## [PROVIDED ENTRIES]
-------

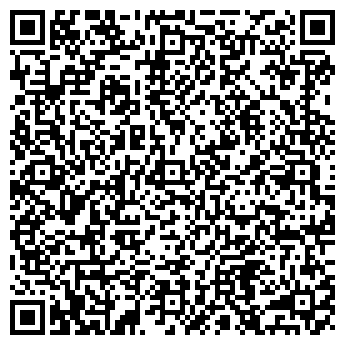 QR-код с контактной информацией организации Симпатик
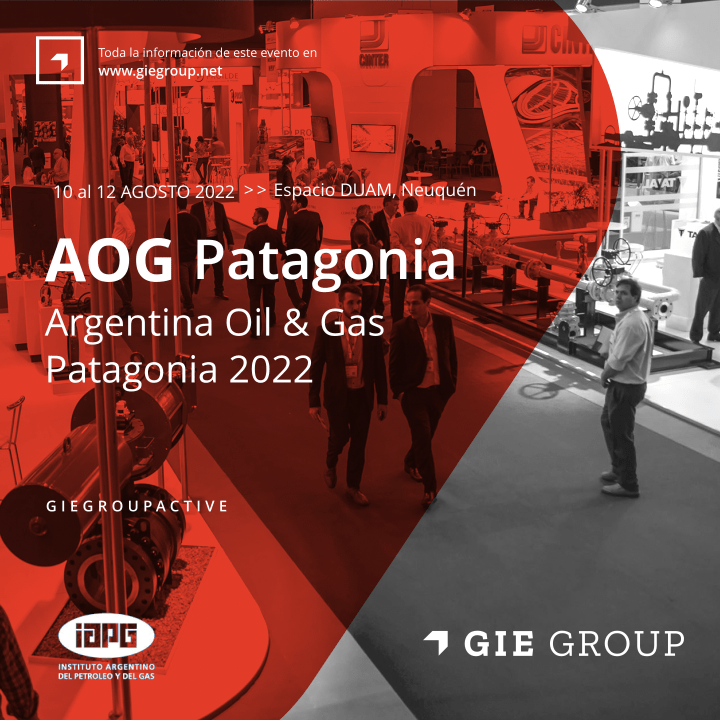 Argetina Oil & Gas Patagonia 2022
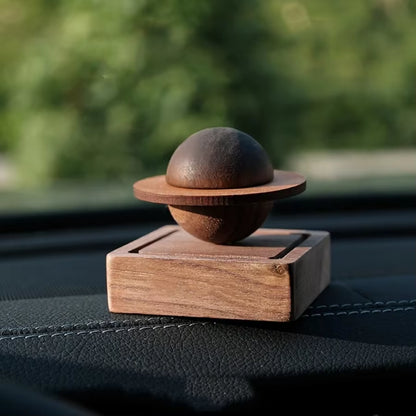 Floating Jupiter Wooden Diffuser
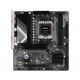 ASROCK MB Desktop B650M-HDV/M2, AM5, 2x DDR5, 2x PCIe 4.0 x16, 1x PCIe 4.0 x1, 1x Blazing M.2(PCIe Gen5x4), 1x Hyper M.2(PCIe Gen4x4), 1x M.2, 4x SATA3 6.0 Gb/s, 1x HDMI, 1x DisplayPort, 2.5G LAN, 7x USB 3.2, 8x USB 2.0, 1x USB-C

-------

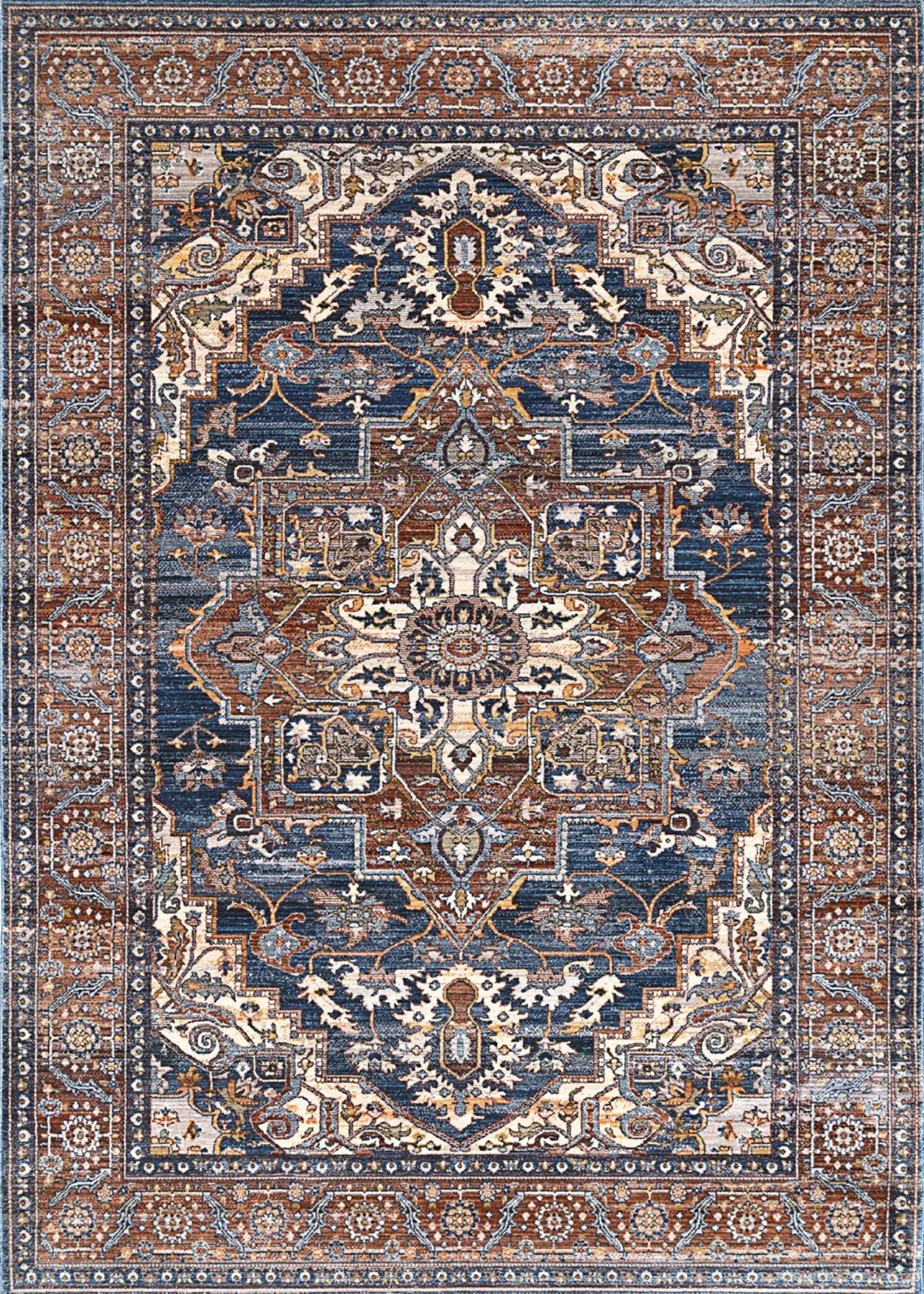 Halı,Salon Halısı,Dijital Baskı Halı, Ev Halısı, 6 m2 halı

-------

## [TASK PROMPT]
Out of the records above, set down only the lines from the one that contains "QR-код с контактной" through the one that contains "ASROCK MB Desktop", unchanged and without the pictures.

## [RESULT OF THE EXERCISE]
 QR-код с контактной информацией организации Симпатик
 Argetina Oil & Gas Patagonia 2022
 Floating Jupiter Wooden Diffuser
 ASROCK MB Desktop B650M-HDV/M2, AM5, 2x DDR5, 2x PCIe 4.0 x16, 1x PCIe 4.0 x1, 1x Blazing M.2(PCIe Gen5x4), 1x Hyper M.2(PCIe Gen4x4), 1x M.2, 4x SATA3 6.0 Gb/s, 1x HDMI, 1x DisplayPort, 2.5G LAN, 7x USB 3.2, 8x USB 2.0, 1x USB-C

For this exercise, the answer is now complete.